Start of Block

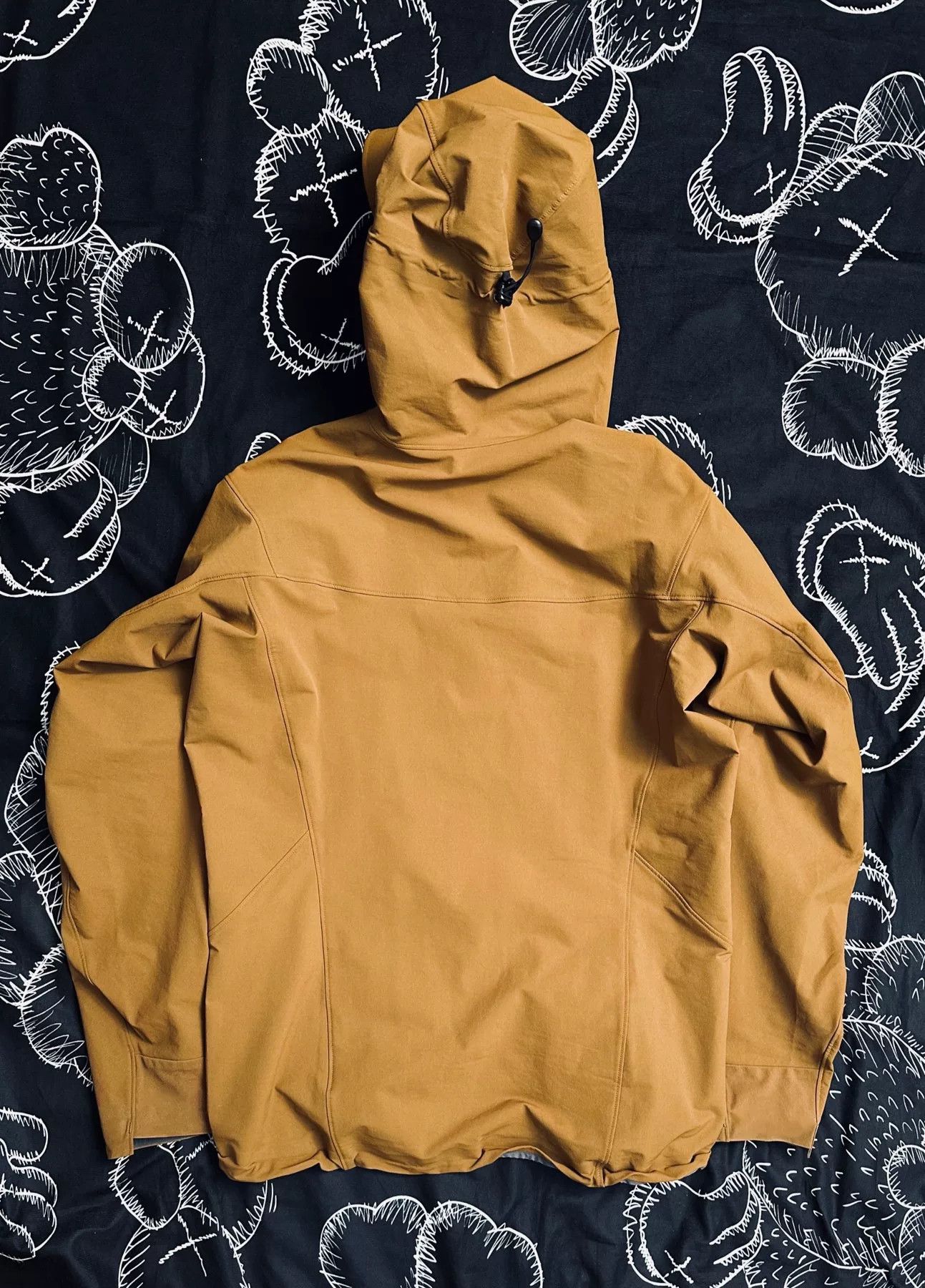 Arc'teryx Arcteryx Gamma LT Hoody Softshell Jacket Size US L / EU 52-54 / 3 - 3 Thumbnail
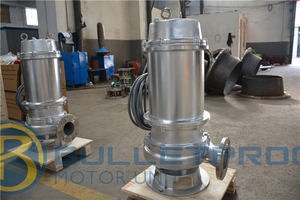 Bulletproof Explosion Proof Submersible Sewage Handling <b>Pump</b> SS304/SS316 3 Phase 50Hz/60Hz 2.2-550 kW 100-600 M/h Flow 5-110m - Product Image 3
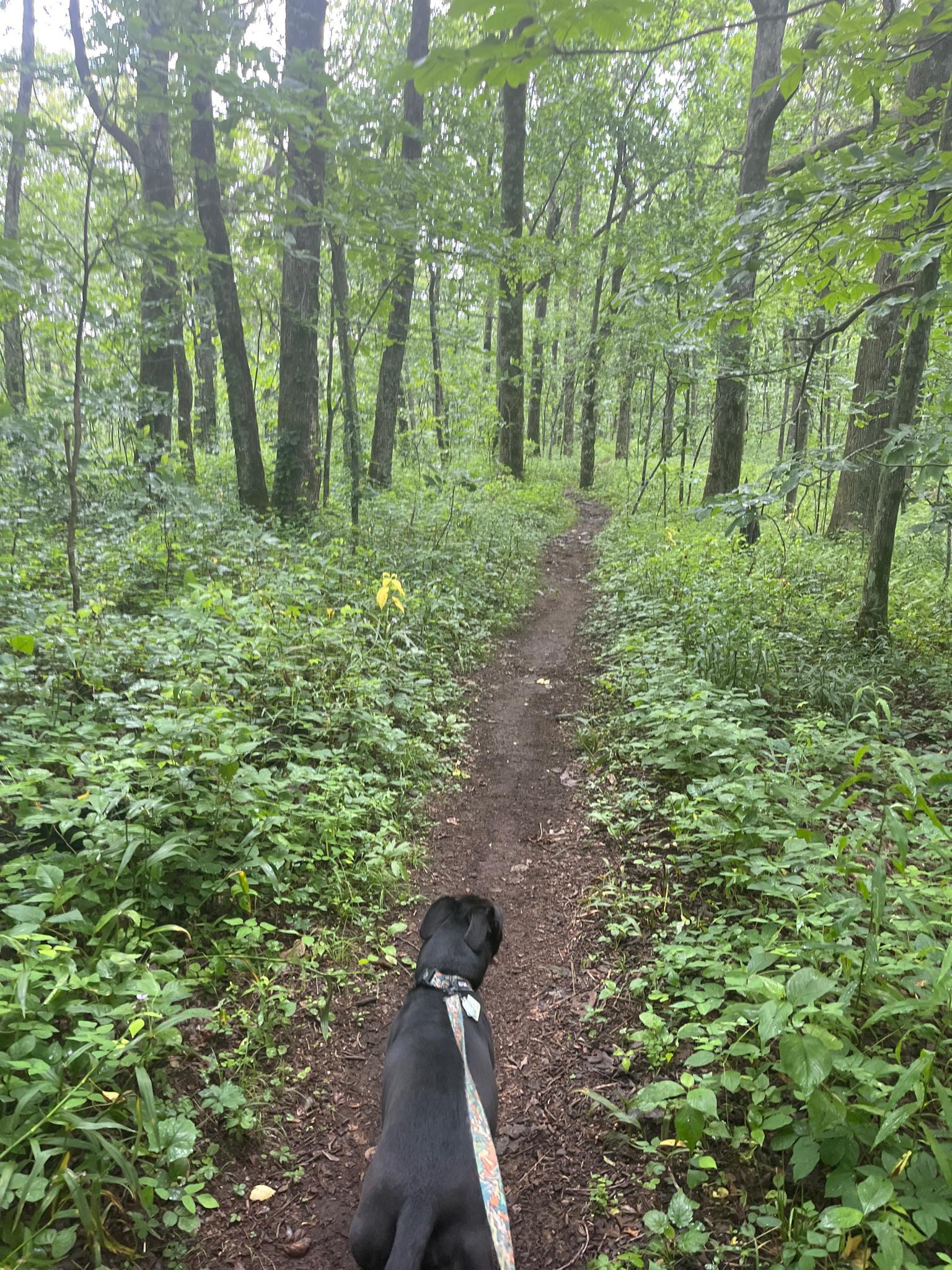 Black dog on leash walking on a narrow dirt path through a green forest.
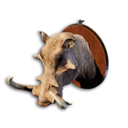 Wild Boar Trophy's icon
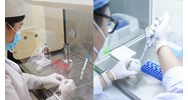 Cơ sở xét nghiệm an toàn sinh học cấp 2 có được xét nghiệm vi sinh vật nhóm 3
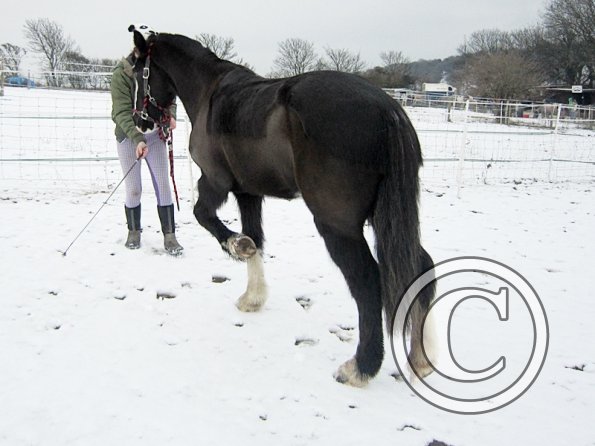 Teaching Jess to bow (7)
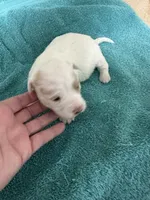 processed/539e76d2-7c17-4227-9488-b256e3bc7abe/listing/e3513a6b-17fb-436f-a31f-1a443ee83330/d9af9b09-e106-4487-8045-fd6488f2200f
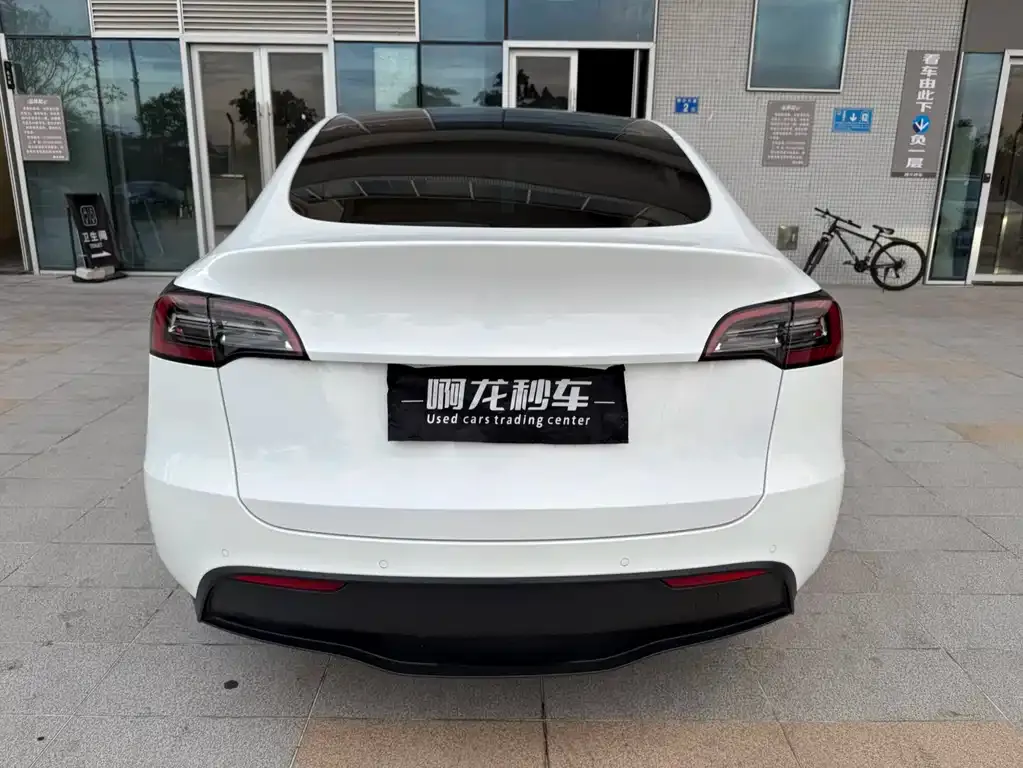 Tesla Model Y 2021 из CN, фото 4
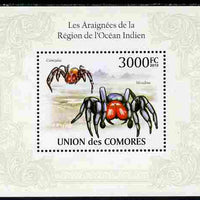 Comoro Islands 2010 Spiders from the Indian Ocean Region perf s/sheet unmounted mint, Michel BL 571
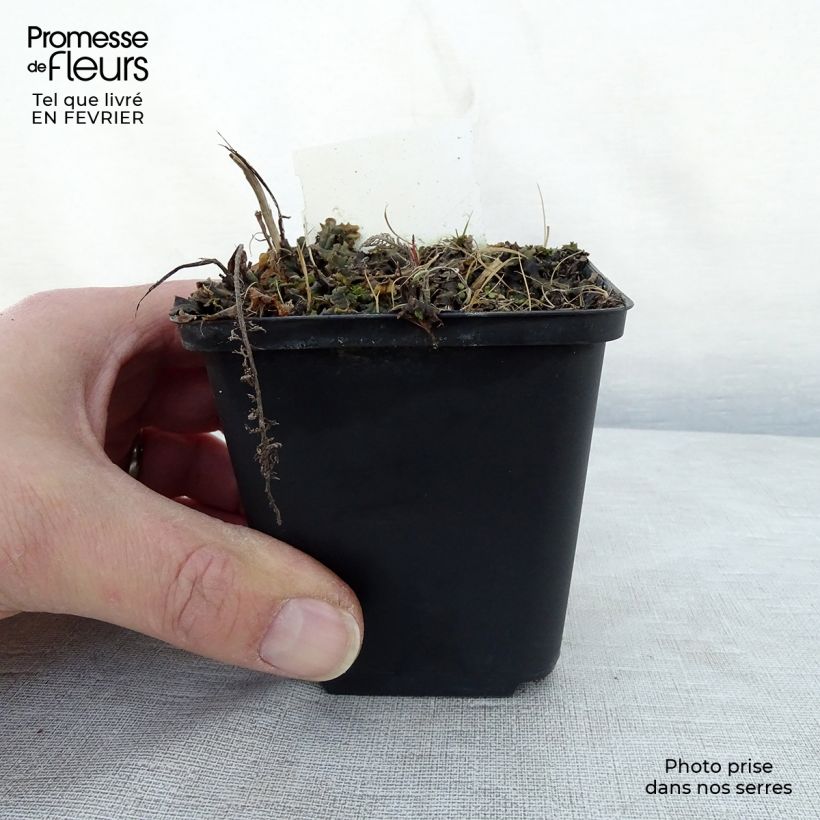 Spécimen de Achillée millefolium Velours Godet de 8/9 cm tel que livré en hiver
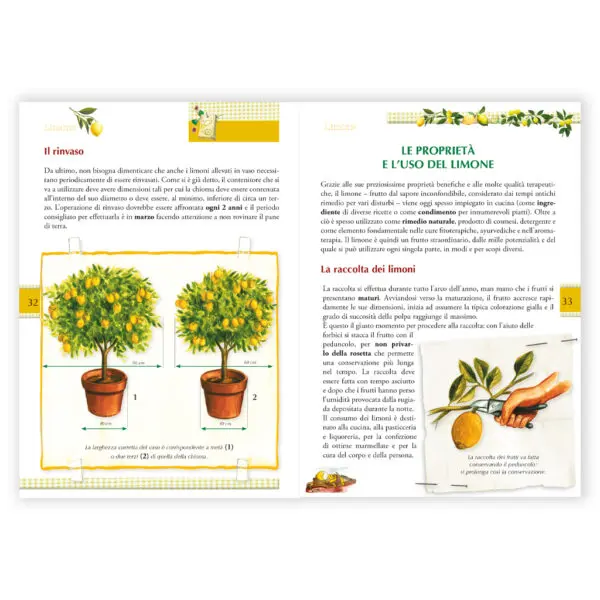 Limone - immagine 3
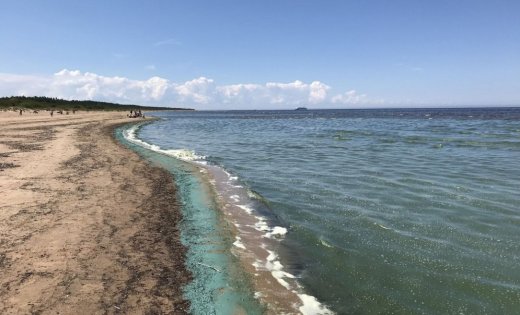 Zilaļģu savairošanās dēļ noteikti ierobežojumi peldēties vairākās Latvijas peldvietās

End of Block

**YOUR INSTRUCTIONS**
Only the lines from the one containing "Comoro Islands 2010" through the last line of the entries above belong in the copy; reproduce them exactly and drop every picture.

**ANSWER SECTION**
 Comoro Islands 2010 Spiders from the Indian Ocean Region perf s/sheet unmounted mint, Michel BL 571
 Spécimen de Achillée millefolium Velours Godet de 8/9 cm tel que livré en hiver
 Limone - immagine 3
 Zilaļģu savairošanās dēļ noteikti ierobežojumi peldēties vairākās Latvijas peldvietās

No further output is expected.